After attending my first Mass and subsequently deciding to attend inquiry classes, I lived a dual Sunday existence. I attended Wednesday evening inquiry class. On Sundays, I went to the 9AM Mass and received my blessing. I returned to my Baptist church in time for the 11AM service. Before long, I was so distracted during the Baptist service that I would sit there with my mind elsewhere. My family didn’t think I was seriously considering leaving our church. I helped with the youth at my church. At my last youth retreat with the Baptist church, I came to terms with the direction I was headed. I documented the following reflection:
John Tanner Retreat – Quiet Time Reflection August 29, 1998 10:30 AM
Seeking God’s Direction on the Nature Trail
God speaks loudest in the tranquility of nature. Tomorrow morning, I will be speaking to the youth about how to “Walk His Way.” Today, I’m asking God to show me His Way.
It’s my quiet time as I walk alone around the lake and into the woods of the nature trail. Contemplating the road before me, I am looking for God’s signposts. Passing by a bush, I notice one leaf is caught in the wind. It flutters with such frenzy. How oddly the one leaf stands out. “Here, look at me!” it seems to be shouting. I pause to watch for a moment, as the wind seems to only disturb this one leaf. Still bemused, I walk on.
I can no longer hear the laughs and screams of children at the beach. I hear only the birds, frogs, crickets, and the sound of my feet. Coming to a bridge over a running stream, I sit down on the bridge. Staring into the water below, I think about my life and the decision I am making to deepen my relationship with the Catholic Church. The sound of the rushing water over rocks is the sound of the Living Water and Eternal Spring of Jesus Christ. I am a rock in that spring. I feel the refreshing water flowing over my troubled spirit. I pray to God for guidance to be in His Will in my decision to step into fellowship with the Catholic Church. I sit on the bridge for what seems to be an eternity. I am meditating on the nature God created and bringing my mind to a quiet place. With a calmed spirit, I stand and continue to walk. The path I take leads me through the woods, across a moss covered bridge, and to a stone bench. I sit on the bench and look upward. I see slivers of blue sky above the trees. I look for God above the treetops and cry. “Jesus, let my prayers touch the hem of Your garment.” [Luke 9:40-48] Tears flow as water in the stream.
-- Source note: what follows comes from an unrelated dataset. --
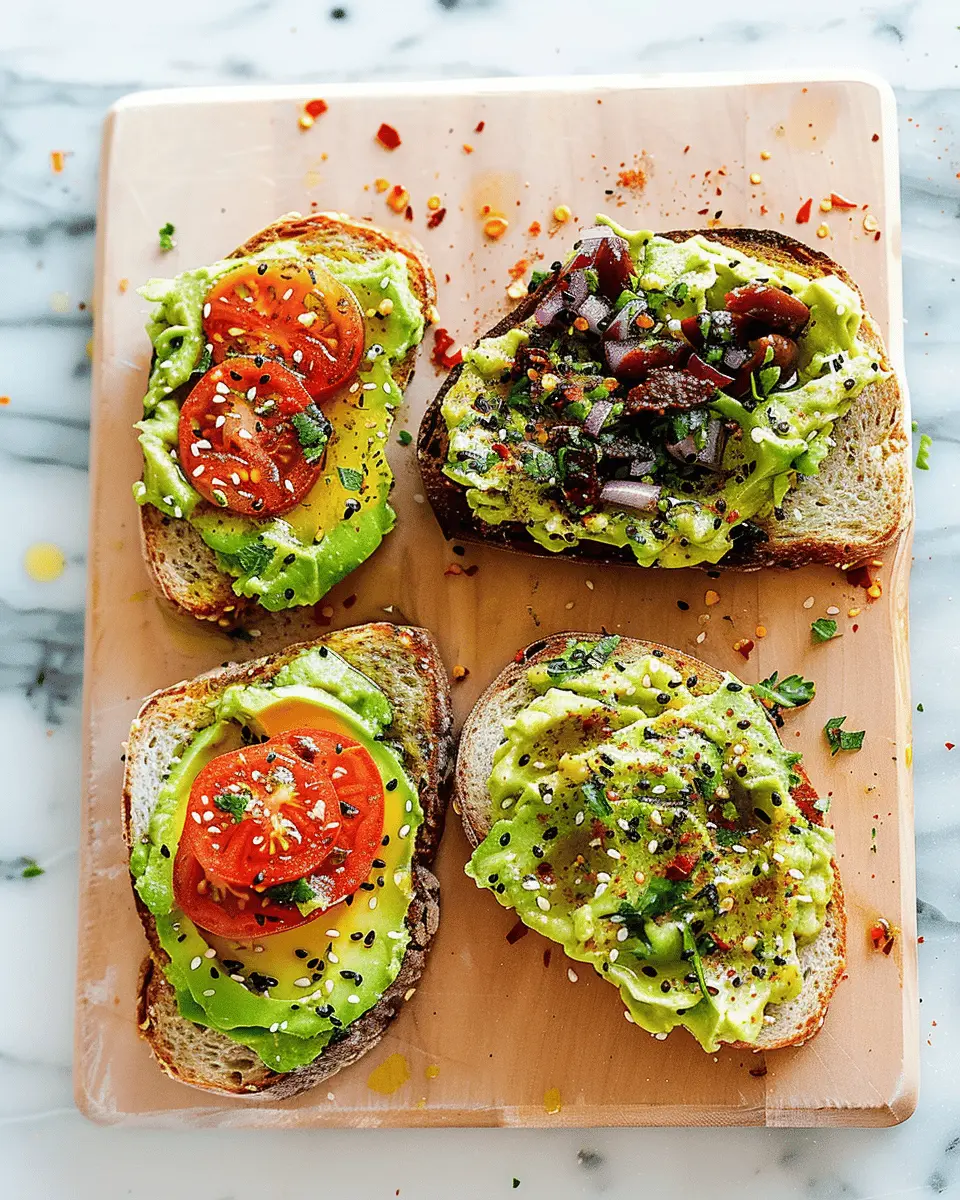 Creamy Spicy Avocado Toast with Turkey Bacon: A Delicious Twist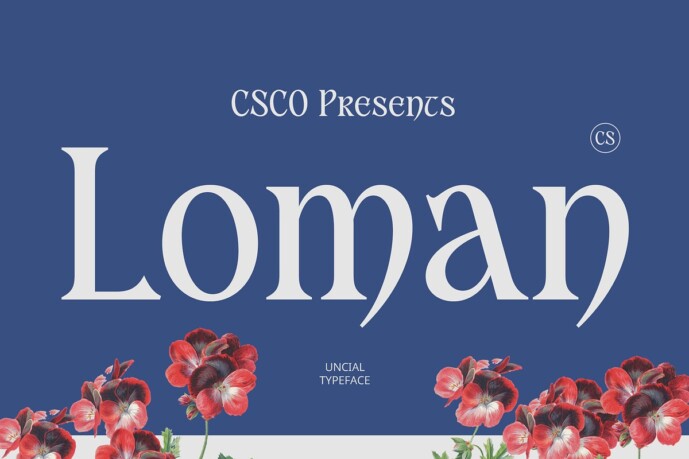 CS Loman Font - Free Font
I pray, “Lord, is this where you would have me to go? Am I reading the signs right? Did you point me in this path nine years ago? Is it your voice calling me and not my own? The Eucharist is what I felt as a child but did not understand.” The faces of the Reformers flash in my mind – – Luther and Calvin. “But, what is Your truth God? I ache to know. Show me – – tell me please. I have so many questions. Yet, I believe You have given me signs along the way—more now than ever. This is not an easy change in my life and people do not understand. I know that Your Holy Spirit is speaking to me in Mass and I feel a calling. I am compelled with a passion to return every Sunday. I am reawakening to Your presence. Yet, I’m so afraid of making a wrong decision. I must be sure the voice I hear is Yours.”
I am quiet and listening.
Then, He speaks, “Remember the bush with only one leaf caught in the wind? Just as I have the power to single out just one leaf in the wind, I have singled you out for a purpose. It doesn’t matter what anyone thinks. I have called — you.”
I pray, “God, please use me.”
He says, “I already am….”
I walk in peace to begin my journey to Initiation in the Catholic Church.